Pada Mei lalu, Menteri Keuangan AS Scott Bessent memperingatkan para legislator bahwa AS berada pada jalur fiskal yang tidak berkelanjutan. “Angka utangnya memang mengkhawatirkan,” ujarnya. “Krisis bisa terjadi dalam bentuk ‘pemberhentian mendadak’ dalam perekonomian ketika kredit menghilang. Saya berkomitmen untuk mencegah hal itu terjadi.”
Para legislator tengah mengupayakan paket reformasi pajak yang mencakup perpanjangan sejumlah ketentuan dari Undang-Undang Pemotongan Pajak 2017. Komite Gabungan Urusan Pajak memperkirakan total biaya dari RUU ini mencapai US$3,8 triliun dalam satu dekade ke depan, meski analis independen memperkirakan angkanya bisa jauh lebih besar jika sejumlah ketentuan sementara diperpanjang.
Namun, pada Jumat lalu, sebuah komite kunci di DPR gagal meloloskan RUU pajak dan pengeluaran versi Partai Republik, setelah sekelompok konservatif garis keras yang menentang Donald Trump memblokir RUU tersebut karena khawatir akan biaya yang ditimbulkan.
Joseph Lavorgna, mantan anggota Dewan Ekonomi Nasional Gedung Putih di masa pemerintahan Trump pertama, menyebut waktu penurunan peringkat ini sebagai “sangat janggal”, mengingat Kongres sedang membahas RUU penting tersebut. Ia juga menyebut bahwa rasio utang terhadap PDB sebesar 100% “bukan hal yang aneh” di kancah global. Lavorgna, yang kini menjabat Kepala Ekonom AS di SMBC Nikko Securities, menambahkan, “AS adalah negara industri dengan pertumbuhan tercepat dan produktivitas per kapita terbaik. Jadi penurunan ini terasa tidak masuk akal.”
Prospek yang Mengkhawatirkan
Kantor Anggaran Kongres (CBO) memperingatkan pada Januari bahwa pemerintah AS diperkirakan akan melampaui rekor tingkat utang yang ditetapkan setelah Perang Dunia II dalam empat tahun ke depan, dengan rasio utang terhadap PDB mencapai 107% pada 2029.

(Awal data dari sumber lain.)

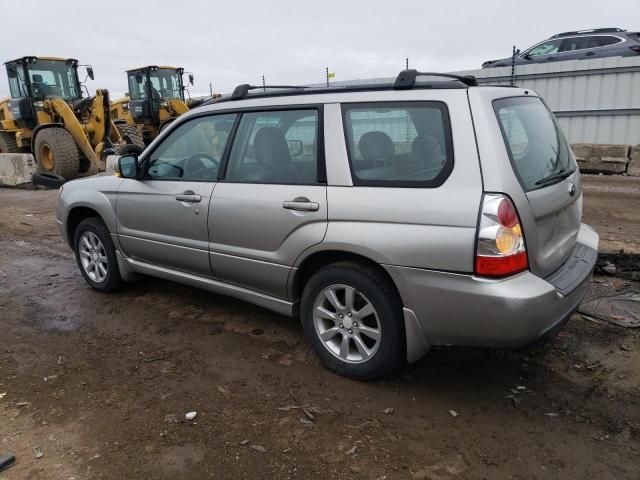 2007 Subaru Forester 2.5X Premium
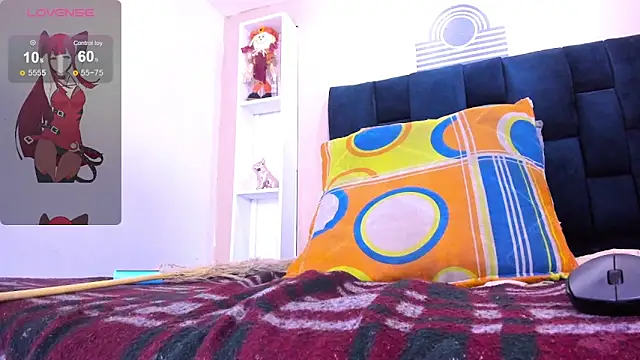 AlissonSpears webcam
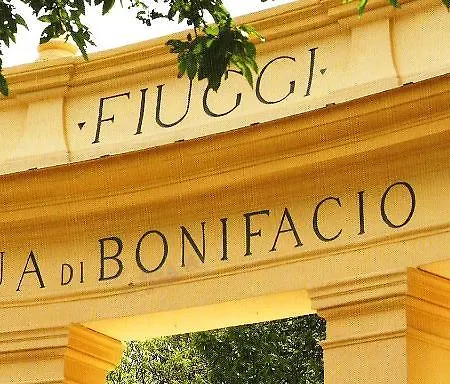 Hotell Ambasciatori Place Fiuggi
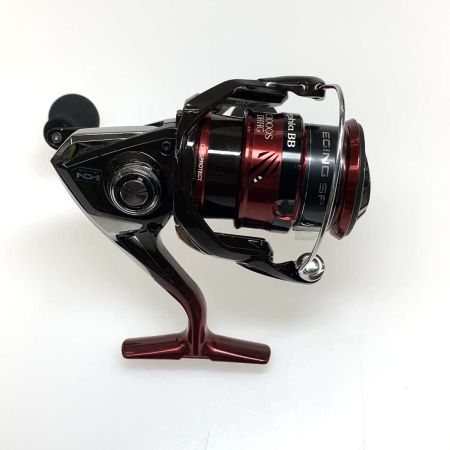  SHIMANO シマノ スピニングリール  18セフィアBB C3000SDHHG 03946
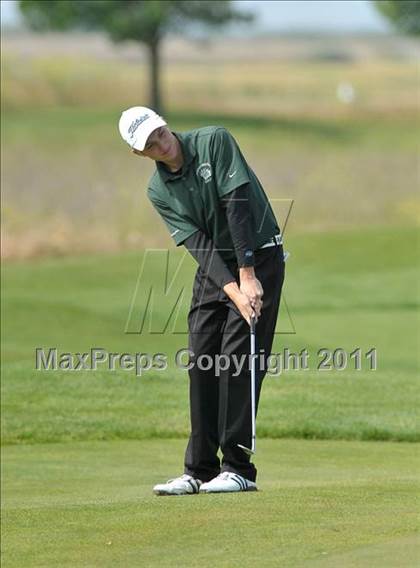 Thumbnail 3 in CIF SJS Masters Boys Golf Championships photogallery.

Perkiraan itu belum memperhitungkan dampak potensial dari pemotongan pajak besar-besaran yang dirancang Partai Republik, yang menurut ekonom akan menambah triliunan dolar ke defisit pemerintah dalam dekade mendatang. Dalam jangka panjang, belanja federal untuk program Jaminan Sosial dan Medicare—akibat populasi yang menua—juga akan terus mendorong utang, ditambah kenaikan suku bunga yang membuat biaya pembayaran utang makin mahal.
CBO menyebut dalam laporan bulan Maret bahwa risiko krisis fiskal “masih rendah,” meskipun tingkat bahayanya sulit diukur secara pasti.
Moody’s memperkirakan “defisit federal akan melebar, mencapai hampir 9% dari PDB pada 2035, naik dari 6,4% pada 2024, terutama karena meningkatnya pembayaran bunga utang, kenaikan belanja jaminan sosial, dan rendahnya pendapatan negara.”
Moody’s juga menyoroti kenaikan imbal hasil Treasury sebagai salah satu faktor yang membebani keberlanjutan fiskal AS. Imbal hasil antara 4% hingga 5% kini mendekati tingkat sebelum krisis keuangan 2007.
Jalur Menuju Penurunan
Penurunan peringkat oleh Moody’s ini telah dipertimbangkan sejak November 2023, ketika lembaga itu menurunkan prospek kredit AS dari stabil menjadi negatif, meski saat itu masih mempertahankan peringkat Aaa. Biasanya, perubahan prospek ini diikuti oleh tindakan pemeringkatan dalam kurun waktu 12 hingga 18 bulan.
Moody’s menjadi lembaga terakhir dari tiga pemeringkat besar yang mencabut peringkat tertinggi AS. Fitch Ratings menurunkan peringkat AS pada Agustus 2023 ke AA+ karena kekhawatiran atas kebuntuan politik terkait pagu utang yang nyaris membuat negara itu gagal bayar.
Sementara itu, S&P Global Ratings merupakan lembaga pertama yang mencabut peringkat AAA untuk AS pada 2011, dan sempat mendapat kritik keras dari Departemen Keuangan saat itu.